Media now has more ability to challenge reporting restrictions
21/10/2025
Media access to the criminal courts (or rather, the lack of, or inconsistencies from court to court) has been a long standing issue across England & Wales.
However, on October 6th, updates to the Criminal Procedure Rules came into force, and court reporters, news editors, and editors need to be aware of one particular change.
The October 2025 version of the Criminal Procure Rules now explicitly states (at Rule 6.4(3)(b)(ii)) that anyone applying for a discretionary reporting restriction must notify “reporters, by means of such arrangements as the Lord Chancellor directs”.
Whilst it is not clear what the “arrangements” the “Lord Chancellor directs” will be, the recent HMCTS blog on the issue states that Court staff were being prepared in advance of the rule change, and “all criminal courts will have media lists available to assist applicants with notifying journalists”.
It is worth noting that this rule only applies to discretionary reporting restrictions, so it does not apply to restrictions which arise automatically, like the restrictions on reporting Youth Court proceedings.
The rule does apply, however, to postponement orders made under S.4(2) of the Contempt of Court Act 1981, as well as restrictions imposed under S.11 of the Contempt of Court Act 1981, and sections 45, 45A and 46 of the Youth Justice and Criminal Evidence Act 1999, to name the most commonly used statutes.
Of course, it has long been the case that journalists are recognised as interested parties when an application for a discretionary reporting restriction is made, and therefore had the right to make representations. But, crucially, the rules did not specify who was responsible for notifying the media.
As a consequence, it was regularly the case that the media did not become aware of an application until it had already been granted, or at incredibly short notice.
Being notified only once the application had been granted presented the media with a predicament, and often led to unjust orders remaining in place until the latter stages of cases. The result: the curtailment of the press’ right to report on the case in the meantime.

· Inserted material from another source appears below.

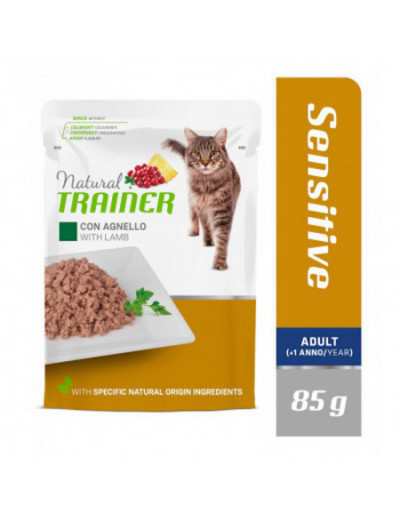 NAT. CAT SP. SENSITIVE LAMB BUSTA 85GR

Court reporters may be thin on the ground these days, but every so often, a case comes along in which a discretionary reporting restriction has been made which, either in error or through the misapplication of the law, needs to be challenged. This is why the new rule is so significant.
Whilst only time will tell how this rule change will impact the media’s right to access and report on court proceedings without unjustified restriction, it is certainly a positive step towards improving that access. Both the Media Lawyers Association and the News Media Association consulted on the issue and are hailing the change as a positive step towards improved clarity and open justice.
This small but important change is something of which court reporters should be aware. It belongs in every court reporter’s tool kit, along with the most recent version of the Judicial College’s “Reporting Restrictions in the Criminal Courts” guidance.
And finally…… to repeat the comment made above, the MoJ says Court staff have been trained on the rule change and, we are told, “all criminal courts will have media lists available to assist applicants with notifying journalists”.
So, why not be proactive and ensure that newsdesk contact details are included in the media lists maintained by the Magistrates and Crown Courts in your patches? This is a quick, easy, and an inexpensive way, I think, to ensure that you are kept fully up to date by your local Courts.
And perhaps this will be a new way to be alerted to interesting and newsworthy cases which are proceeding through the Courts, which might otherwise have been missed.